Beautifully composed within its square format, the intensity of the artist's response to sitter and subject is gloriously brought to life through a bravura handling of oil paint. Auerbach's majestic image has been reworked time and time again over a vastly extended period to forge an uncanny link between analysis and expression; the finished version emerging in an urgent crescendo of expressive brushwork. The paint has been acutely layered to create a textured topography of pigment where impasto seemingly drips from the surface enlivening the bold silhouette that emerges from the composition. In comparison to the earthy tones of black, grey and umber that characterise many of his portraits from the previous decade, the luminous hues of the sitter’s face are immediately striking and contrast dramatically against the energetic outlines of black impasto which vigorously sculpt the eyes, nose, mouth and jaw. Swathes of red punctuate her shoulders, which are framed against a rich background of olive green.

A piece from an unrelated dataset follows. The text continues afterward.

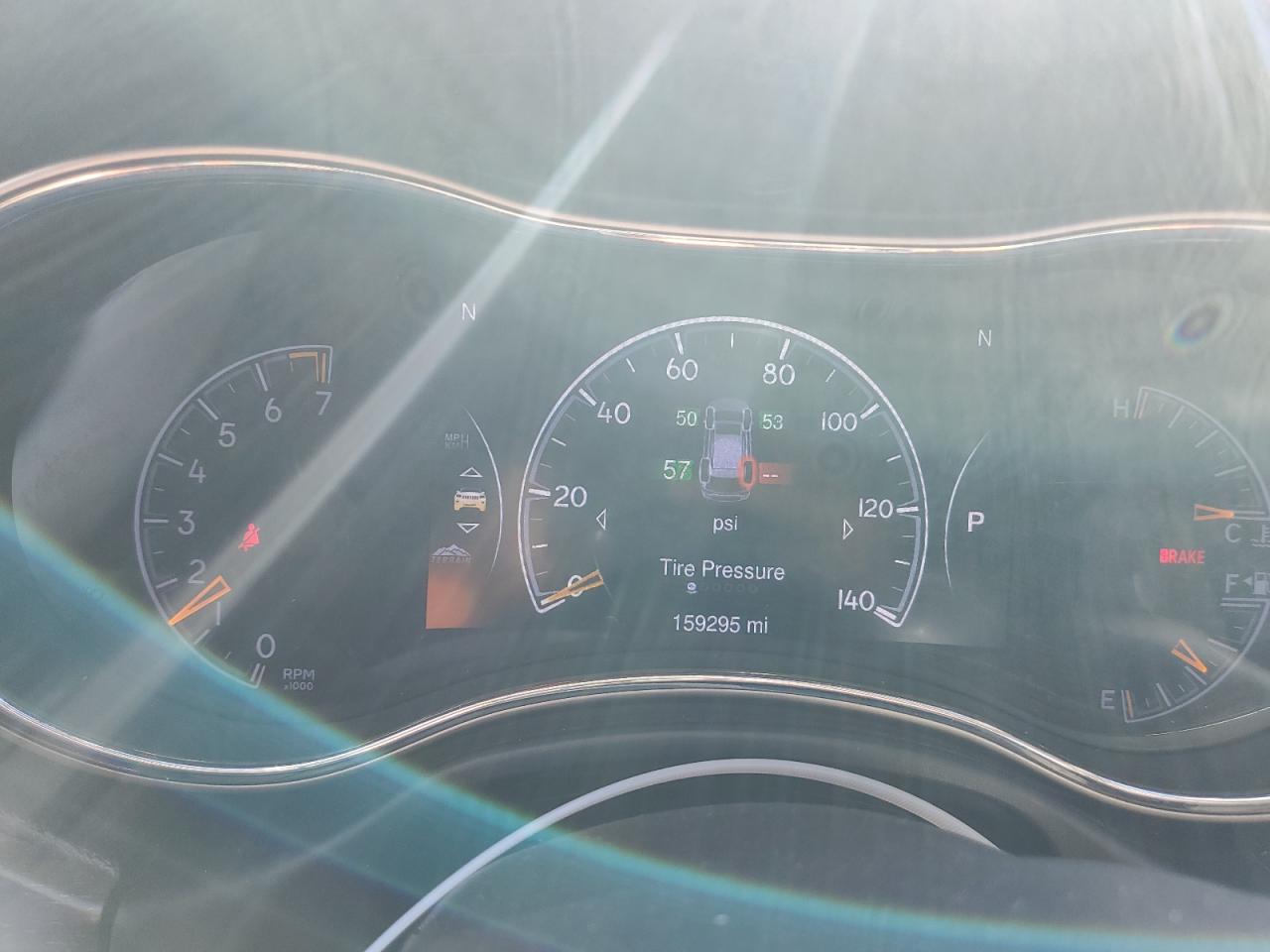 2014 Jeep Grand Cherokee - Image 9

The result of many hours spent before his subject, analysing her every feature and staring into her soul, Head of J.Y.M is undoubtedly one of the most psychologically arresting portraits from the decade. The intense accretion of pigment mirrors Auerbach’s acute powers of scrutiny and reveals his passionate relationship with paint; building up the surface of the composition, then scraping it away only to build it up again. In this manner, Auerbach strives to capture the unique presence of the person, the very essence of being seated before him.

Auerbach infamously depicts only subjects with whom he is extremely familiar: social intimacy affording an expressive freedom emancipated from the hesitancy of unfamiliarity. J.Y.M., acronym for Juliet Yardley Mills, is one of the cornerstone subjects of the artist's canon: “She was brought into the world to be a model, she came and sat and it was not quite like anything else” (Frank Auerbach cited in: Catherine Lampert, Frank Auerbach. Speaking and Painting, London 2015, p. 184). She first posed for him in 1956 when she was a professional model at Sidcup College of Art and continued to do so for over forty years until 1997. Curator Catherine Lampert, who has sat for Auerbach since 1978, has accounted that J.Y.M. became the first regular sitter at the artist's Camden studio, where he had moved in 1954. As the artist remembers “she was able to sit for an infinite time, sometimes hours without any break, quite extraordinary, and didn’t seem to mind it” (Ibid., p. 87). She arrived every Wednesday and Sunday until 1997 having taken two buses from her home in southeast London. Of this longstanding dialogue between artist and sitter, Mills has said: "we had a wonderful relationship because I thought the world of him and he was very fond of me. There was no sort of romance but we were close. Real friends" (Juliet Yardley Mills cited in: Exh. Cat., London, Royal Academy of Arts, Frank Auerbach, 2001, p. 26).

Through brilliant colour and a faultless exhibition of charismatic painterly gesture, this portrait carries a terrific psychological and emotional charge, encapsulating Lampert's observation that J.Y.M. "was a force of nature" (Ibid., p. 87). Indeed, having by this point known J.Y.M. for twenty-five years, the present work powerfully illustrates Auerbach's statement that: "The person you're involved with most, say, is the most complicated to capture because you can't do a superficial likeness, you can't do a portrait painter's impression. You want something that measures up to the amount of feeling you have there" (Frank Auerbach cited in: William Feaver, Frank Auerbach, New York 2009, p. 230).